Give again, exactly as written, each line of the material below starting at the line that contains "Rear badge 'PORSCHE', Gold." and ending at the line that contains "BEETHOVEN DE CASTRO". Both ends count, and no other line does.
--- Source information Enclosed Below ---
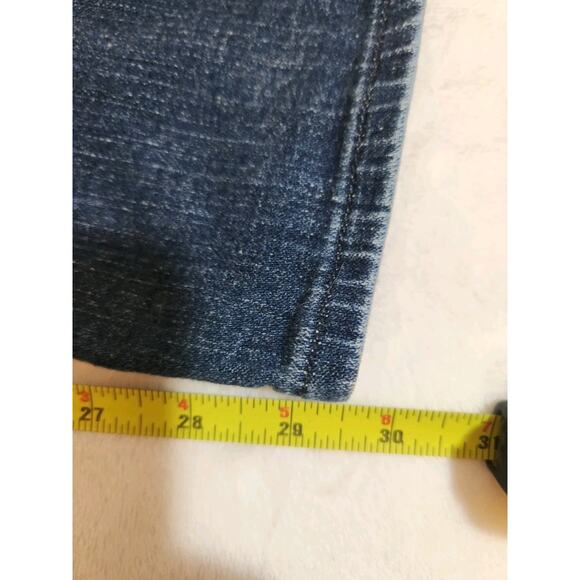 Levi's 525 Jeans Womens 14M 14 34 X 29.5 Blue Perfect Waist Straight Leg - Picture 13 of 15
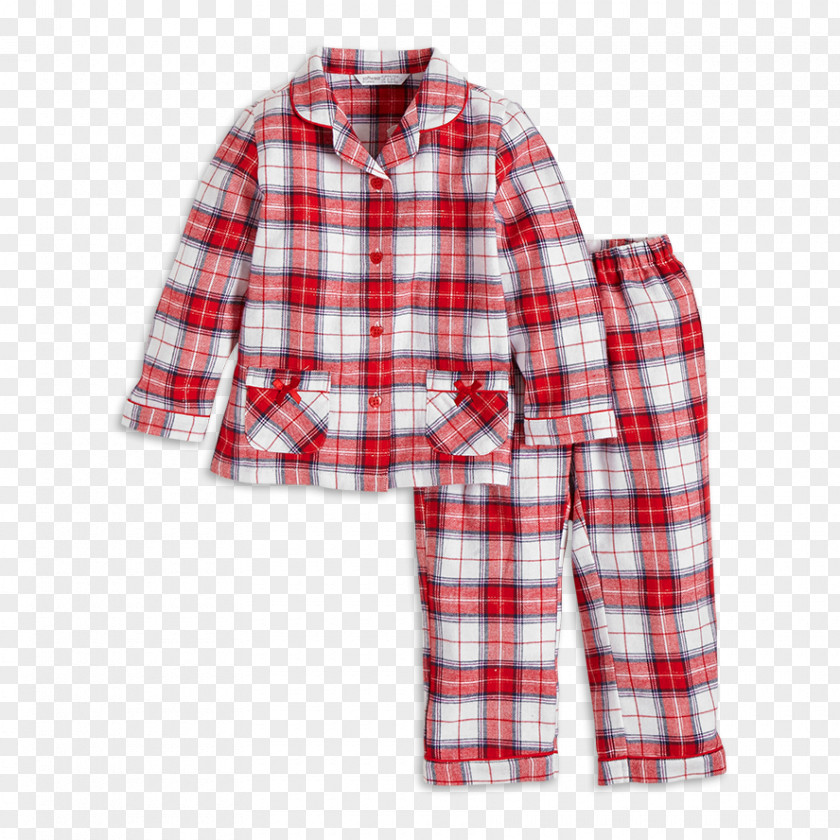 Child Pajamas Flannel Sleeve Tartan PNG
--- End of Enclosed Source information ---
--- Source information Enclosed Below ---
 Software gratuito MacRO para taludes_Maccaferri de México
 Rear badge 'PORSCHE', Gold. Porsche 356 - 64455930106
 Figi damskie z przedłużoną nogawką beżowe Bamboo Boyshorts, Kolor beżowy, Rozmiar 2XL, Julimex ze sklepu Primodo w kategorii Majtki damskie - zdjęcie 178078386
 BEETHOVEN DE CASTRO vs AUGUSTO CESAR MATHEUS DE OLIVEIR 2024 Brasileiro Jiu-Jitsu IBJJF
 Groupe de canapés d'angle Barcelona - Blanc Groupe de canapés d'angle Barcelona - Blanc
--- End of Enclosed Source information ---
## Written answer
 Rear badge 'PORSCHE', Gold. Porsche 356 - 64455930106
 Figi damskie z przedłużoną nogawką beżowe Bamboo Boyshorts, Kolor beżowy, Rozmiar 2XL, Julimex ze sklepu Primodo w kategorii Majtki damskie - zdjęcie 178078386
 BEETHOVEN DE CASTRO vs AUGUSTO CESAR MATHEUS DE OLIVEIR 2024 Brasileiro Jiu-Jitsu IBJJF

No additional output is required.